De acordo com Paulo Monteiro Rosa, “nada garante que esta oportunidade se mantenha a longo prazo, já que novas tecnologias podem emergir e revolucionar o mercado das baterias. Alternativas como baterias de sal, hidrogénio ou mesmo outras inovações futuras atualmente desconhecidas podem mudar o curso da transição energética. Por isso, é crucial que Portugal atue rapidamente, aproveitando o ciclo atual de eletrificação para retirar o máximo de retorno possível do seu lítio antes que o mercado evolua para outras soluções”.
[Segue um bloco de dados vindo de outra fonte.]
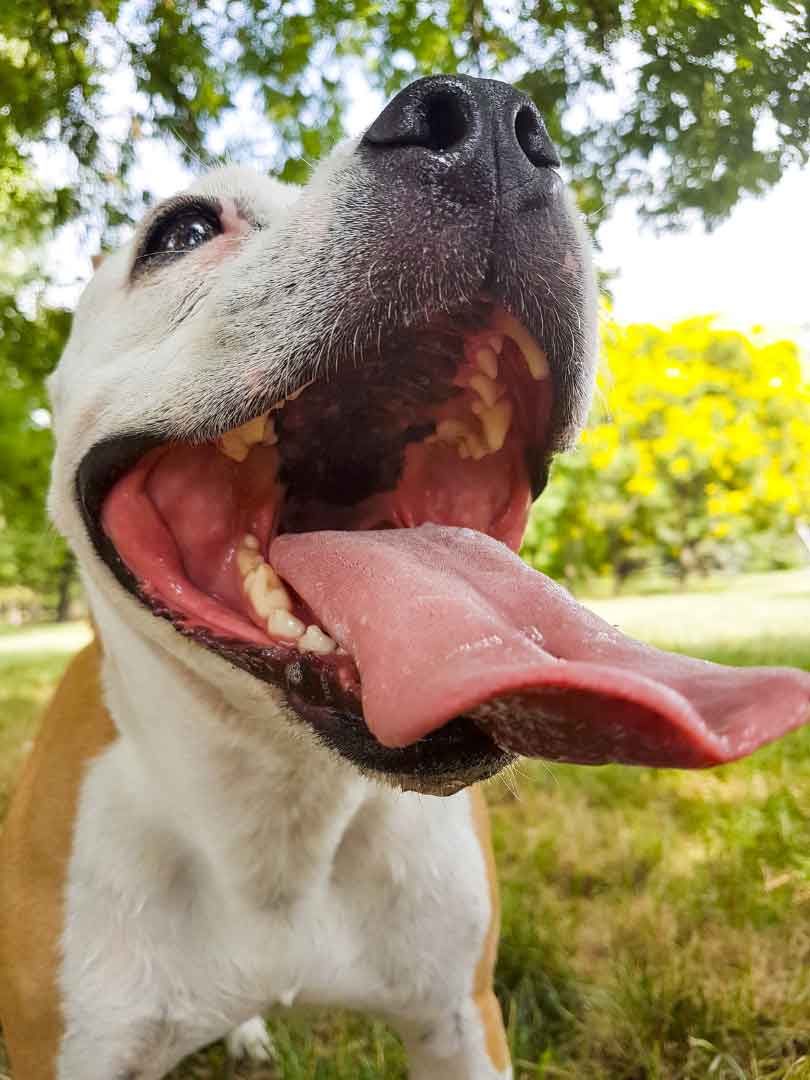 canine dental health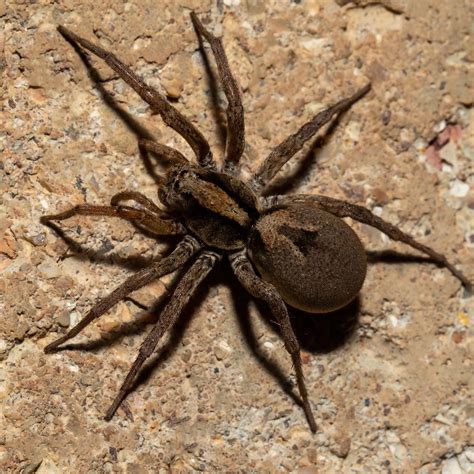 Wolf Spider Poisonous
E não hesita: “Quanto mais rápido o país capitalize financeiramente nesta fase, aumentando o seu PIB [Produto Interno Bruto], menos vulnerável ficará a mudanças tecnológicas. No entanto, o processo lento da burocracia e a influência dos lobbies continuam a ser grandes obstáculos. Portugal tem um histórico de decisões adiadas, e se essa postura se repetir, corre o risco de perder o timing ideal e ficar com um recurso valioso, mas sem mercado para escoá-lo”.
Já Henrique Tomé lembra que devido às questões ambientais que surgiram associadas à exploração do lítio, Portugal não extraiu o máximo de matéria-prima possível, nomeadamente entre 2017 e 2022, quando a procura por lítio era mais significativa. “Neste momento, com os preços em mínimos, os benefícios económicos perdem ainda mais peso. Também devemos salientar que o mundo está a sofrer algumas alterações a nível económico e de parcerias comerciais (principalmente com as tarifas da Administração de Donald Trump e a guerra na Ucrânia). Isto pode alterar a cadeia de abastecimento e os preços do lítio, o que poderia levar a que o interesse nesta exploração voltasse ao de cima”, salienta.
E conclui: “Adicionalmente, não devemos esquecer que o lítio pode ter impacto ambiental significativo, mas também pode desenvolver essas regiões a nível económico e social através de, por exemplo, construção de infraestruturas complementares à atividade de exploração e criação de novos postos de emprego”.